> [What this task involves]: Below are lines of records; copy exactly those from the one containing "Sonja Appartamento Risika" through the one containing "1 Driftwood Drive, Kippens, photo 4", leaving the pictures behind.

> [Data records]:
⟨

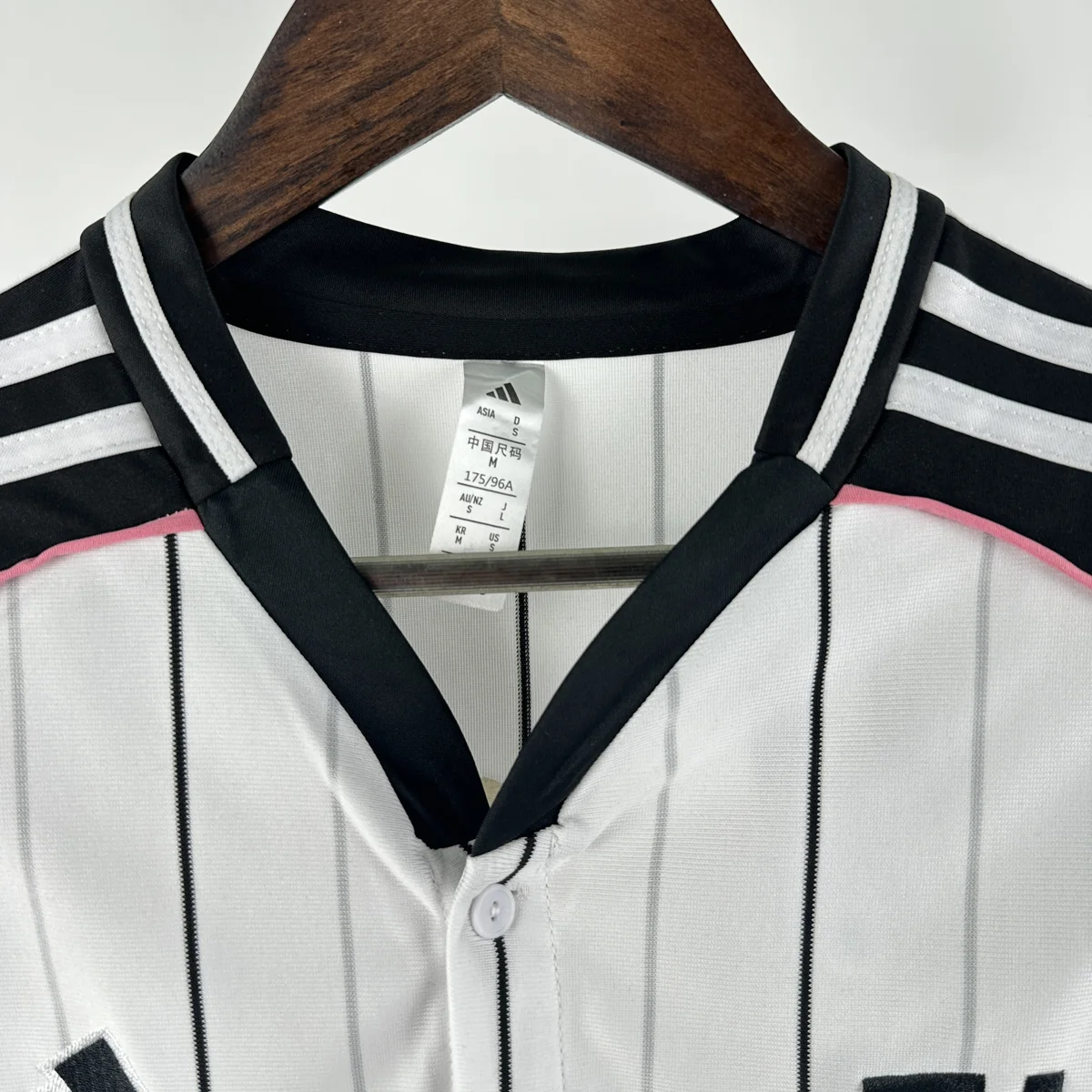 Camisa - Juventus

⟩
⟨

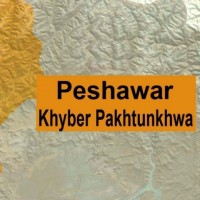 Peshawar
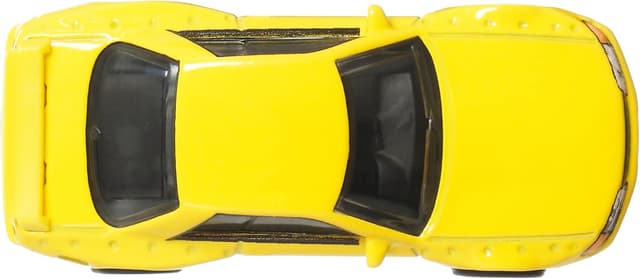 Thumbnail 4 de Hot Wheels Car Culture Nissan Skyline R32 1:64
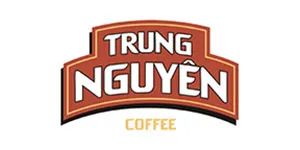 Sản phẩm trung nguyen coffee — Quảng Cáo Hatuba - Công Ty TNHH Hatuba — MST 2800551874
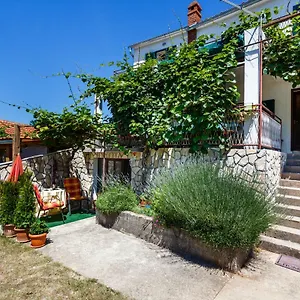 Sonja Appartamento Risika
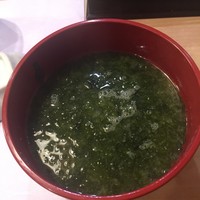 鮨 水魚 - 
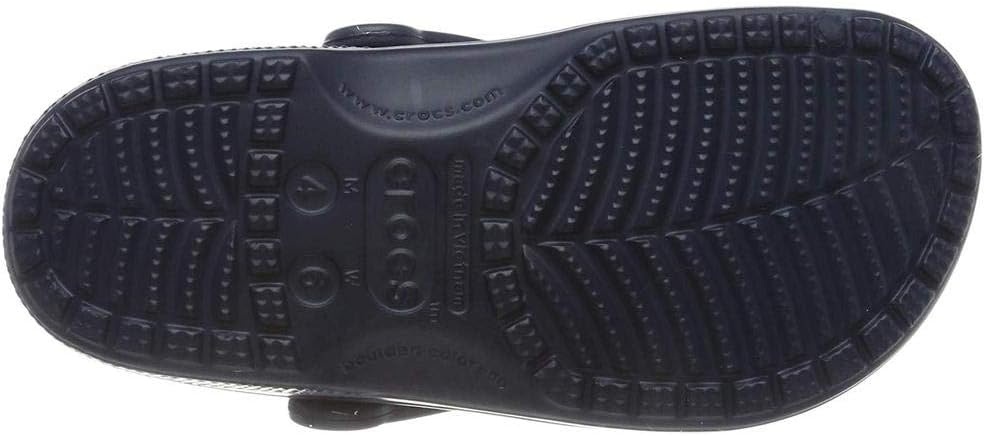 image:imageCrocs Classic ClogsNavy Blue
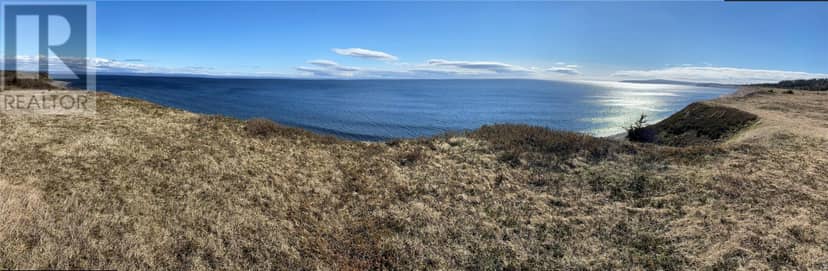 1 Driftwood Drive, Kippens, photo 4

⟩

> [Response area]:
 Sonja Appartamento Risika
 鮨 水魚 - 
 image:imageCrocs Classic ClogsNavy Blue
 1 Driftwood Drive, Kippens, photo 4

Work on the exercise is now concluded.